5. Then place your cheesecloth or a very clean cloth, if you don't have cheesecloth, over your collander. Place a large pot under your collander. Pour the mixture into the collander, catching the curds in the cheesecloth, and the whey liquid below.
6. Use your sweet whey liquid in cooking a casserole tonight. (I try not to waste anything.) Great with egg noodles. (The whey liquid can be used in cooking other things also.)
7. Then bring the ends of your cheesecloth up, twist the top of the cloth and press out all the liquid you can. Then remove the cheese, knead it and fashion it into a gentle round block. At this point you can shake a little salt on it, or lite salt (if you need potassium but not sodium) Others have also added finely chopped spinach or herbs.

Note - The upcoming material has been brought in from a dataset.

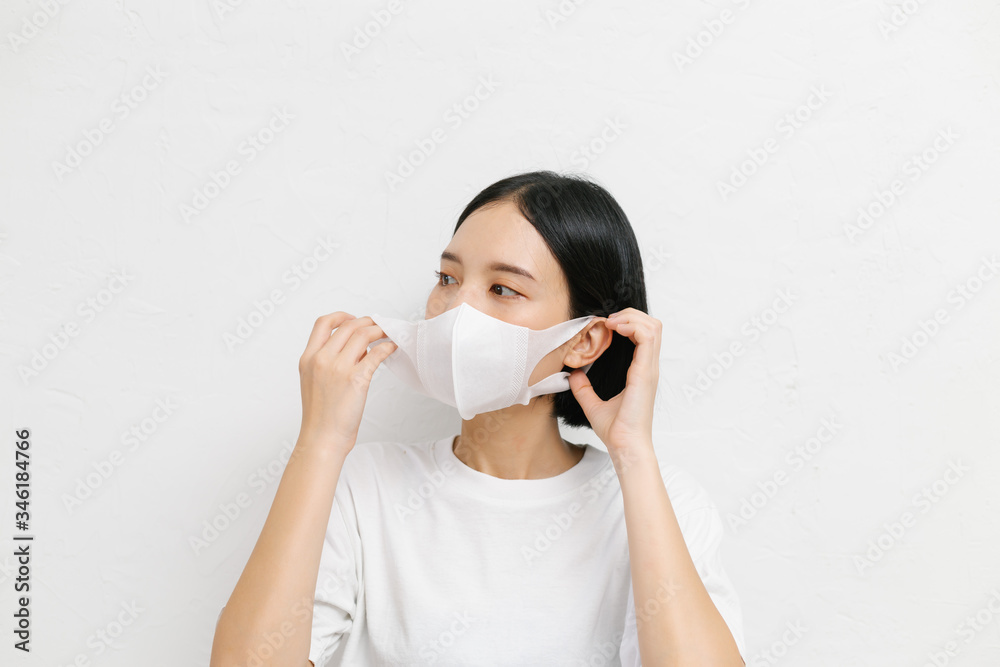 Young asian female wearing medical face mask to protect corona virus, studio portrait. Young asian female wearing medical face mask to protect corona virus, studio portrait.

8. If you use lemon juice rather than vinegar, and double the lemon juice this recipe can be used in cannolis, or in cheesecake, or other delicacies which require cheese.
9. Once you've done this a couple of times, it becomes quick, easy, and foolproof. I had to do this a couple of times before it worked well. This is called a paneer cheese. It can be used plain in lasagna, one of my favorite foods.
This IS a low fat cheese. You can add a little fat, if you need to, by placing a teaspoon of olive oil in the mixture at the end while you are kneading and shaping your cheese.
If you would like to try your hand at ricotta:
An excellent website generally:
Ah, the power of cheese....
For those who are interested in a quick cottage cheese recipe, I haven't tried this yet, but it sounds interesting:
Recipe courtesy Alton Brown, 2007
Inactive Prep Time:
about 2 cups
1 gallon pasteurized skim milk
3/4 cup white vinegar
1 1/2 teaspoons kosher salt
1/2 cup half-and half-or heavy cream
Pour the skim milk into a large saucepan and place over medium heat. Heat to 120 degrees F. Remove from the heat and gently pour in the vinegar. Stir slowly for 1 to 2 minutes. The curd will separate from the whey. Cover and allow to sit at room temperature for 30 minutes.
Pour the mixture into a colander lined with a tea towel and allow to sit and drain for 5 minutes. Gather up the edges of the cloth and rinse under cold water for 3 to 5 minutes or until the curd is completely cooled, squeezing and moving the mixture the whole time. Once cooled, squeeze as dry as possible and transfer to a mixing bowl. Add the salt and stir to combine, breaking up the curd into bite-size pieces as you go. If ready to serve immediately, stir in the half-and-half or heavy cream. If not, transfer to a sealable container and place in the refrigerator. Add the half and half or heavy cream just prior to serving.
Read more at: http://www.foodnetwork.com/food/cda/recipe_print/0,1946,FOOD_9936_36973_RECIPE-PRINT-FULL-PAGE-FORMATTER,00.html?oc=linkback
If we keep this up, I might never need to go to the store again.